Compliance with the sanitary and hygienic regime in O. b. provides for strict adherence to the rules of asepsis (Asepsis). The whole territory of O. b. divided into zones: the first zone (sterile) includes rooms in which the most stringent asepsis requirements are observed (operating room, sterilization room); the second zone (strict regime) includes rooms directly connected with the operating room (preoperative, anesthetic); the third zone (restricted regime) - room for operating nurses, control room, emergency tests, clean zone of the sanitary inspection room, etc .; the fourth zone (general hospital regime) has, not associated with the passage through the sanitary checkpoint. The first zone is separated from the second and third by a wide red stripe applied on it, which the medical staff should not cross without special clothing. During non-working hours, the doors of the operating room must be locked. Medical personnel not participating in the operation are not allowed to be in the operating room. Enter O. b. in linen shoe covers, clean gowns, a cap and a four-layer gauze mask. It is strictly forbidden to be in the operating room in street shoes. All items brought in or imported into O. b. (wheelchairs, gas cylinders, etc.) should be treated with disinfectant solutions.

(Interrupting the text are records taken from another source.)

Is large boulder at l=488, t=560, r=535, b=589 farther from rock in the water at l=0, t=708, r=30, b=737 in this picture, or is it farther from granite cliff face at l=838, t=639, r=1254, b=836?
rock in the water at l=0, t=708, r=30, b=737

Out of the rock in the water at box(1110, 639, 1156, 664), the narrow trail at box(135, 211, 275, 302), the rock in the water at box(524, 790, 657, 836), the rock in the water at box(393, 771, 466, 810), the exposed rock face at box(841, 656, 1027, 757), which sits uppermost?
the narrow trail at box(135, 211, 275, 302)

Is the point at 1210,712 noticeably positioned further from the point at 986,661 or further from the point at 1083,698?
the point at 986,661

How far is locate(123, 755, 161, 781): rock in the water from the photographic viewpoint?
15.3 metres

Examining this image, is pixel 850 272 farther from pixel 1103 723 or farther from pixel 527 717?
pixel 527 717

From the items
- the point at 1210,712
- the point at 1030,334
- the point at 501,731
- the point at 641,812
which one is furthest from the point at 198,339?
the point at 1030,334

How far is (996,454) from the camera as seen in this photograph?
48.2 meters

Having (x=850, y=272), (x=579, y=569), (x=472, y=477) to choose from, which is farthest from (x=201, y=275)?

In the operating room, 5 types of cleaning are carried out: preliminary - daily at the beginning of the working day they wipe it, which has settled overnight on horizontal surfaces (on the floor, window sills, tables, etc.); current - during the operation, fallen objects (instruments, tampons, etc.) are lifted, and the floor is also wiped with antiseptic solutions when an accidentally spilled liquid (pus, exudate, bile, etc.) gets on it; cleaning after the end of the next operation - the floor in the central area of ​​​​the operating room is treated with disinfectant solutions, the used one is put in special containers and taken out of the operating room; daily cleaning at the end of the working day - they wash window sills, walls, doors, floors, wipe the surfaces of all appliances and apparatus, turn on bactericidal lamps; general cleaning or disinfection (performed once at the end of the week) - ceilings, walls, windows, doors, as well as all items in the operating room are washed with hot water and soap or synthetic detergents and treated with disinfectant solutions.

operating room type

General view of the operating room.

II Operating block

a complex of premises of a medical institution, specially equipped for surgical operations; except operating O. b. includes preoperative, sterilization, anesthesia, blood transfusion room, etc.


1. Small medical encyclopedia. - M.: Medical Encyclopedia. 1991-96 2. First aid. - M.: Great Russian Encyclopedia. 1994 3. Encyclopedic dictionary of medical terms. - M.: Soviet Encyclopedia. - 1982-1984.